While executing the file, i am getting the error message as follows:
Name "main::DATA" used only once: possible typo at ./example.pl line 6.
readline() on unopened filehandle DATA at ./example.pl line 6.
Can you tell me, where is the mistake? As per the error message, in line 6 DATA has been used only once.

I've been using the DATA pseudo-file (which is the whole section after the __DATA__ line in my original code) in lieu of a real file. You'll have to open() that yourself, or use <> instead of <DATA> if you're reading from stdin anyways.

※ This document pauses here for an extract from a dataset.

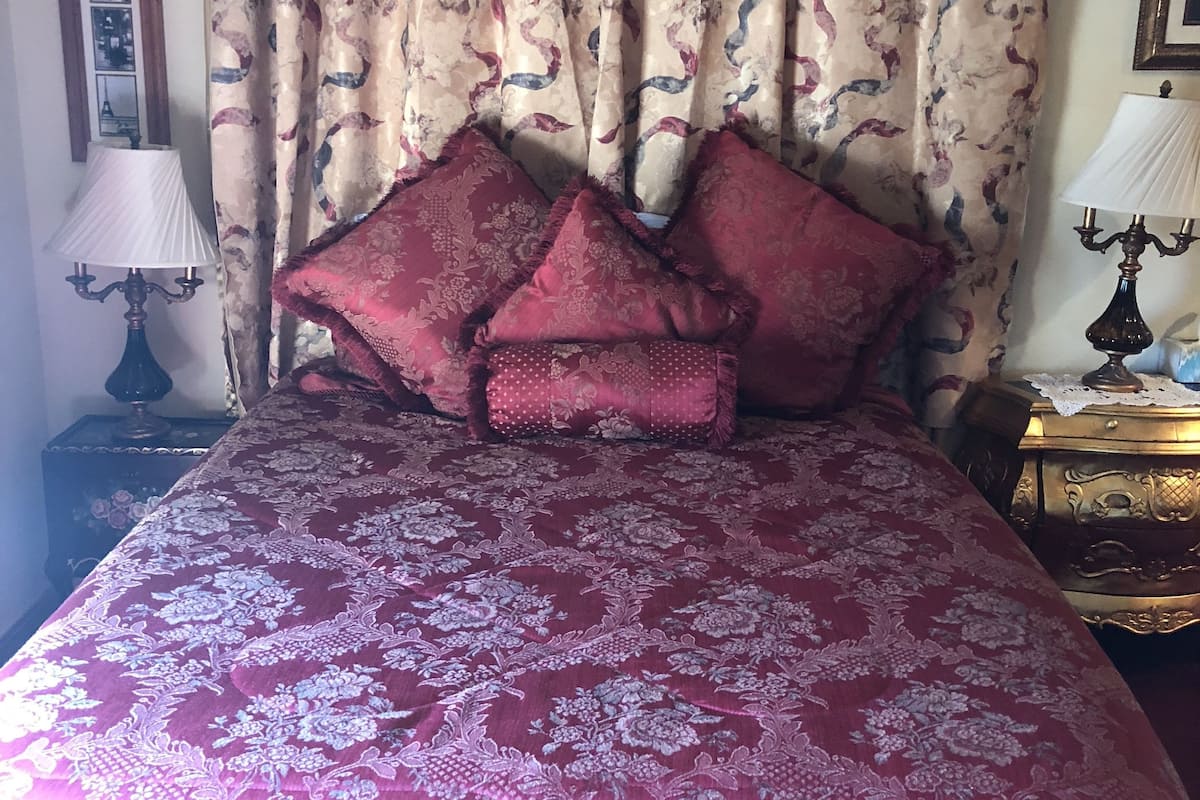 Quarto com cama grande, cortinas elaboradas e abajur clássico.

Fredrick · March 2, 2010, 7:36am

Thank you ahmad.diab and pludi., its working fine.

warm regards
Fredrick.

---------- Post updated at 01:36 PM ---------- Previous update was at 09:57 AM ----------

Hi All,

To continue with the same problem, I would like to get the output in the following manner:

0 -1 -2 -3 -4 
0 -1 -2 -3 -4
0 -1 -2 -3 -4
0 -1 -2 -3 -4
0 -1 -2 -3 -4
1 0 -1 -2 -3  
1 0 -1 -2 -3  
1 0 -1 -2 -3  
1 0 -1 -2 -3 
1 0 -1 -2 -3 
2 1 0 -1 -2 
2 1 0 -1 -2 
2 1 0 -1 -2 
2 1 0 -1 -2 
2 1 0 -1 -2 
3 2 1 0 -1 
3 2 1 0 -1 
3 2 1 0 -1 
3 2 1 0 -1 
3 2 1 0 -1 
4 3 2 1 0 
4 3 2 1 0 
4 3 2 1 0 
4 3 2 1 0 
4 3 2 1 0

can anyone help me in this regard?

Expecting your reply and thanks in advance.

Warm regards
Fredrick.

pludi · March 2, 2010, 7:45am

I have to say, this starts to sound more and more like homework. That, or you're just plain lazy and expect us to do your work.